Wolfram Alpha, though, seems like an extremely useful tool. I haven't heard of it before. May I ask exactly what you typed into the query box?

Thanks
-Patrick
 
  • #4
For large [itex]D[/itex], what can you say about the size of [itex]\frac{e}{r'}[/itex]? Use that to Taylor expand the logarithm:

[tex]\ln(r'+e)=\ln(r'(1+\frac{e}{r'}))=\ln(r')+\ln(1+\frac{e}{r'})[/tex]
 
  • #5
First, I typed in

Code:
(exp(-3epsilon^2/(2s^2)) *r^(D-1)*exp(-r^2/(2s^2)) /  (r+epsilon)^(D-1)*exp(-(r+epsilon)^2/(2s^2)) )

Then I copied the result given in the Alternate form box:
Code:
r^(D-1) (r+epsilon)^(1-D) e^(-(r^2+r epsilon+2 epsilon^2)/s^2)

Finally, I pasted that into the input box, replaced each instance of r with "(s*sqrt(D))", then prepended "limit" and appended "as D->infinity":
Code:
 limit (s*sqrt(D))^(D-1) ((s*sqrt(D))+epsilon)^(1-D) e^(-((s*sqrt(D))^2+(s*sqrt(D)) epsilon+2 epsilon^2)/s^2) as D->infinity

Wolfram Alpha says this equals 0.
 
  • #6
Something in this isn't quite right.
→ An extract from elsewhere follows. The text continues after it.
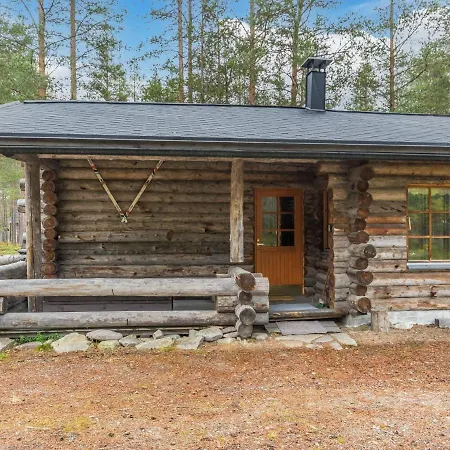 Vakantiehuis Kuopiokero By Interhome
If you work out the expansion around sqrt(D)*s you get a linear term in e. That's because the maximum value of your p(r) is at sqrt(D-1)*s NOT sqrt(D)*s, isn't it? Why don't you expand around the maximum? And I also don't get exp(-3*e^2/s^2) for the correction factor several different ways. I get just exp(-e^2/s^2).
 
Last edited:
  • #7
Thank you very much for your help.
I haven't gotten then answer actually. It's a textbook question that asks me to prove the statement. (Exercise 1.20 from Pattern Recognition and Machine Learning by Bishop).

You're right. The maximum is actually at sqrt(D-1)*s, which the solution manual says can be approximated to sqrt(D)*s for large D. I will try expanding around sqrt(D-1)*s and see if I can get it.

Thank you for helping me.
-Patrick
 
  • #8
Hi Dick,
Would you mind showing me how to arrived at exp(-e^2/s^2)?
I've tried expanding around r = sqrt(D-1)*s
and by noticing that (D-1)*s^2 = r^2

I simplified the equation to
p(r+e) approx. = exp( -(r+e)^2 + r^2*[ r+e-1 - ((r+e-1)^2)/2 ] )
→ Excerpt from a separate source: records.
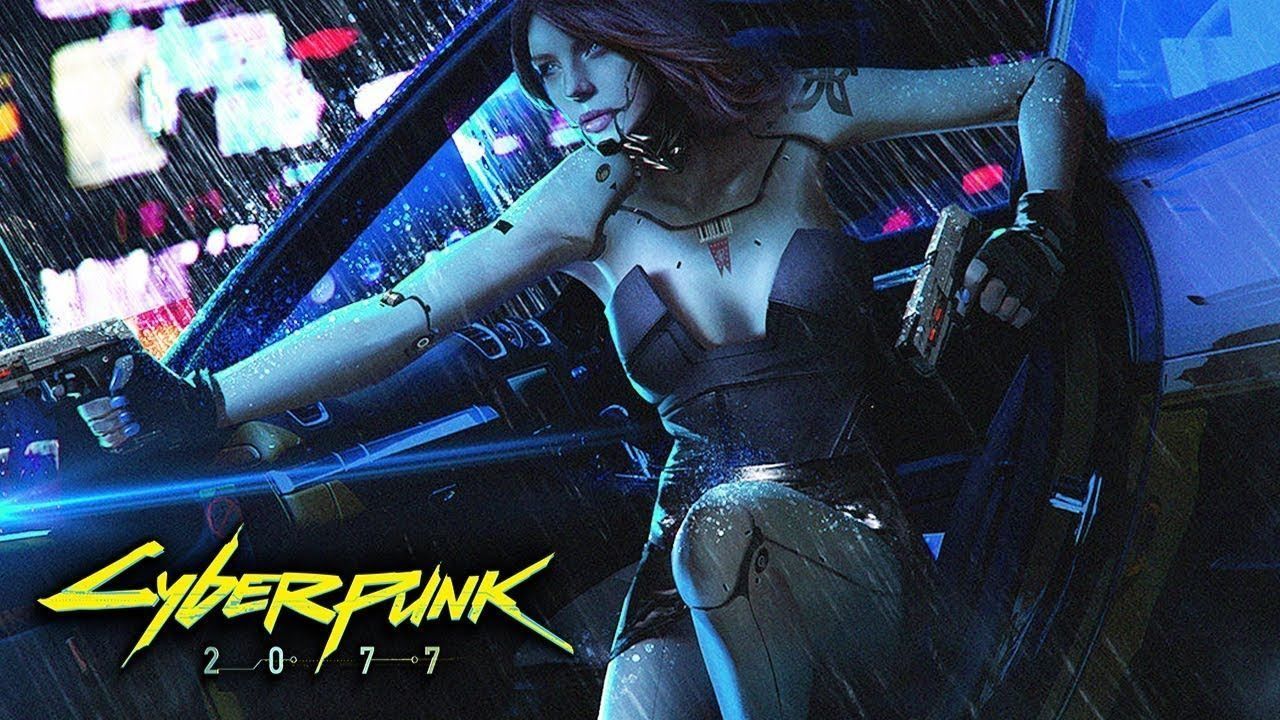 Гра Cyberpunk 2077 залишилась без креативного директора: деталі Гра Cyberpunk 2077 залишилась без креативного директора: деталі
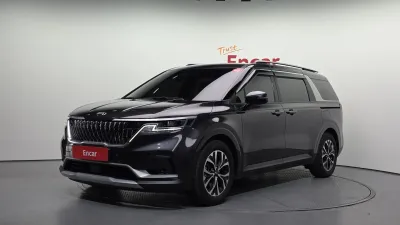 2021 Kia Canival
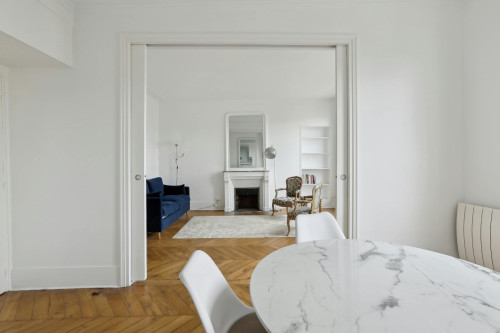 Avenue de Breteuil, Paris - Gallery - 7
By the way: is there a general rule for deciding when some approximations are valid and when some aren't?
eg. for large D: can I say e/r -> 0? or that r+e -> r?
 
  • #9
CuppoJava said:
Hi Dick,
Would you mind showing me how to arrived at exp(-e^2/s^2)?
I've tried expanding around r = sqrt(D-1)*s
and by noticing that (D-1)*s^2 = r^2

I simplified the equation to
p(r+e) approx. = exp( -(r+e)^2 + r^2*[ r+e-1 - ((r+e-1)^2)/2 ] )

By the way: is there a general rule for deciding when some approximations are valid and when some aren't?
eg. for large D: can I say e/r -> 0? or that r+e -> r?

Where did the '(r+e-1)' stuff come from? Start with your expression in the first post exp(-(r'+e)^2/(2s^2)+(D-1)ln(r'+e)). Expand the (r'+e)^2, expand ln(r'+e) using fabbagabbahey's suggestion. Keep the linear and quadratic terms in the ln series. Collect like powers of e. What do you get?
 
  • #10
Hi Dick,
Thank you very much for your help and patience.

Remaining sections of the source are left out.